As guests head to the reception, consider having a band of local musicians playing popular island music. The food you serve should be regional fare, such as freshly harvested seafood, fruits, and vegetables. Don't forget to offer guests flying fish, which is present at most Barbados weddings. Your cake should be a spiced fruit cake soaked in rum, as is traditional throughout much of the Caribbean. As your guests are leaving, offer them a favor of sugared almonds in gift bags tied in a ribbon of your wedding colors to incorporate one final Barbados custom into your big day.

Modern Requirements

Couples wishing to obtain a marriage license should bring the following documents to the Ministry of Home Affairs in Bridgetown:

•Certified copies of Divorce Certificate if  one or more parties has been divorced.
•Certified copies of Death Certificate if  one of the parties is a   widow or  widower.
•Certified copies of adoption certificates  that reflect any name changes.
•Valid passport or photo identification.
•Return or ongoing plane ticket.
•Notarized copies of English  translations for any documents that are  not originally worded in English.

Couples who are having a religious, rather than civil, ceremony will have to file a few more pieces of paperwork. Anglicans will need to turn in baptism certificates and a letter from their pastor or minister proving that marriage counseling has been completed. Roman Catholics will need to go the extra mile and present the following to the Ministry of Home Affairs:

•Baptismal certificates.
•Statement of freedom to marry.
•Dispensation from the Bishop of the  Diocese in the event of a mixed  marriage.
•Testimonial records from the Bishop.
•Record of confirmation.

Couples may apply for a license Monday through Friday, between the hours of 8:30 a.m. and 3:30 p.m.; the office is not open on weekends or holidays. Couples will be expected to pay $113(USD).

In Barbados there is no residency requirement and no waiting period. 
This means you could essentially get off your plane, file for your license, and get married that very day.

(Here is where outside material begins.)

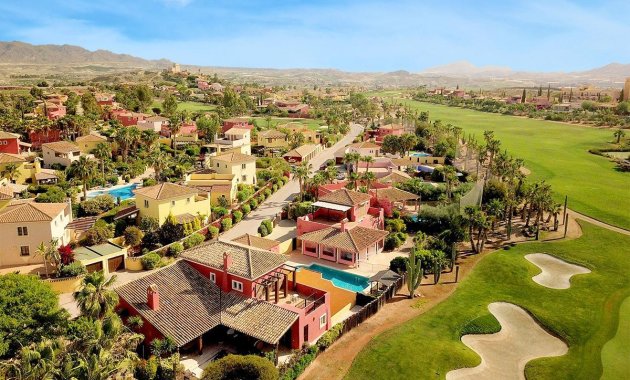 Neue Gebäude - Stadthaus -
Cuevas Del Almanzora - Desert Springs Golf Club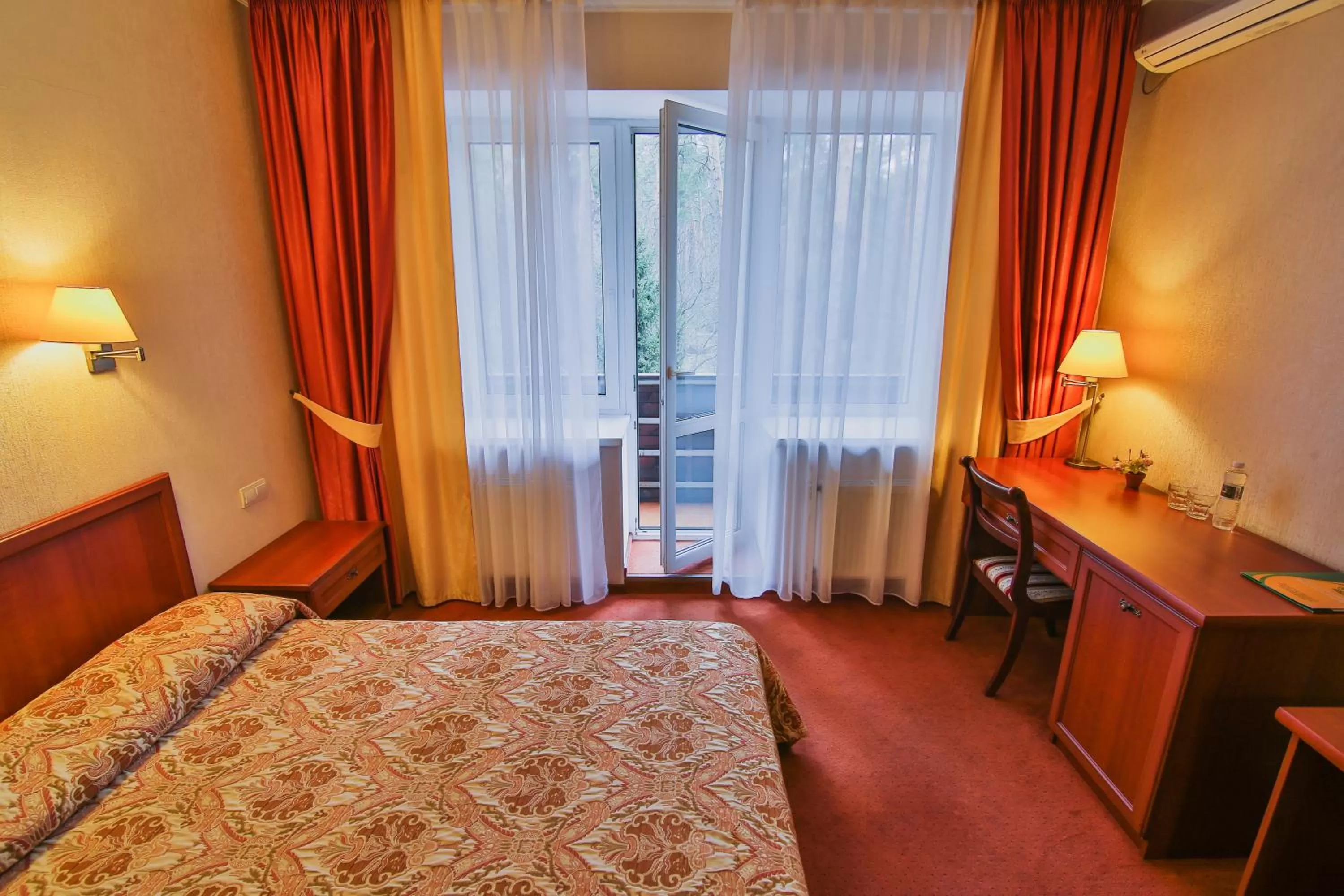 Bed in Ukraina Hotel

You should be able to pick up your final marriage certificate one week after your officiant files his paperwork with the Ministry of Home Affairs, or you can make arrangements to have it mailed to you.

Whether you're hosting a religious ceremony, a wedding that includes Barbados traditions, or something somewhere in between, your destination wedding will be complimented, if not enhanced by just being on the island of Barbados. Simply apply for your marriage license when you arrive on the island, and you can be married within the hour!